* EXERCISE DESCRIPTION
Copy verbatim the block of lines in the entries below whose first line contains "画像ギャラリー No.003のサムネイル画像 /" and whose last line contains "2720 Forest Hill". Leave out all other lines.

* DATASET EXTRACT
┏━━

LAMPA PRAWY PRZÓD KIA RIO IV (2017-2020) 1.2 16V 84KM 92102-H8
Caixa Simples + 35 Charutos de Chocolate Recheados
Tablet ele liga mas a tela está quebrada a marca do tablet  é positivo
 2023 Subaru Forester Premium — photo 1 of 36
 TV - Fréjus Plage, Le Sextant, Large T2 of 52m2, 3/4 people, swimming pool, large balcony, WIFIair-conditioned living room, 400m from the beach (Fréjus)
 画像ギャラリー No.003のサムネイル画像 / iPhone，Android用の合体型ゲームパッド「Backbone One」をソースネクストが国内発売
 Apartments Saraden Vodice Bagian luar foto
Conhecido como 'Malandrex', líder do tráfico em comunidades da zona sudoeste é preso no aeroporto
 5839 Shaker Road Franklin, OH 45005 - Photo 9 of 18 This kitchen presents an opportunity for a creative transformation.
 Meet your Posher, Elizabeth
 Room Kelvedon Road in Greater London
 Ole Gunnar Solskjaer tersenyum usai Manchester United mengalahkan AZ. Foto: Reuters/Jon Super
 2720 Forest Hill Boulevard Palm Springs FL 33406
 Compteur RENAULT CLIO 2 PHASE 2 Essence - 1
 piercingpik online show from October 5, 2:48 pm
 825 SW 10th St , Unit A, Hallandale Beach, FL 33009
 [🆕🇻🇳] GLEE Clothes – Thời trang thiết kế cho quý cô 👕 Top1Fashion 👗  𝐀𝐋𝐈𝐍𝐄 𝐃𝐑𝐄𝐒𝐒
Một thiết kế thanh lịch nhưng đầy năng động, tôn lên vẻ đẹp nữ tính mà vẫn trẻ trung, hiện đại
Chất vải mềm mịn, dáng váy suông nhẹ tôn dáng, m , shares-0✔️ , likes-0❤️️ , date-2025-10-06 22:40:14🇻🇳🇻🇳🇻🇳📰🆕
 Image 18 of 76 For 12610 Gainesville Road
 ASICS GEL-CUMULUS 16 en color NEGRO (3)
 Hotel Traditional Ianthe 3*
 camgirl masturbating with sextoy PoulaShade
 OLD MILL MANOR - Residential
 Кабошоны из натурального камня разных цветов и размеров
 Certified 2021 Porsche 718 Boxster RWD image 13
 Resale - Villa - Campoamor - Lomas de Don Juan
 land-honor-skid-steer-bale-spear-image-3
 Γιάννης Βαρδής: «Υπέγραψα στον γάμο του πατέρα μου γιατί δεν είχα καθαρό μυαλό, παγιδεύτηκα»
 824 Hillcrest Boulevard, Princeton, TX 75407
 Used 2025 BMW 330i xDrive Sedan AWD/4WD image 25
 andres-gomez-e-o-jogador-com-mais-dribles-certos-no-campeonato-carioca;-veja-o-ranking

┗━━

* SOLUTION TO THIS PROBLEM
 画像ギャラリー No.003のサムネイル画像 / iPhone，Android用の合体型ゲームパッド「Backbone One」をソースネクストが国内発売
 Apartments Saraden Vodice Bagian luar foto
Conhecido como 'Malandrex', líder do tráfico em comunidades da zona sudoeste é preso no aeroporto
 5839 Shaker Road Franklin, OH 45005 - Photo 9 of 18 This kitchen presents an opportunity for a creative transformation.
 Meet your Posher, Elizabeth
 Room Kelvedon Road in Greater London
 Ole Gunnar Solskjaer tersenyum usai Manchester United mengalahkan AZ. Foto: Reuters/Jon Super
 2720 Forest Hill Boulevard Palm Springs FL 33406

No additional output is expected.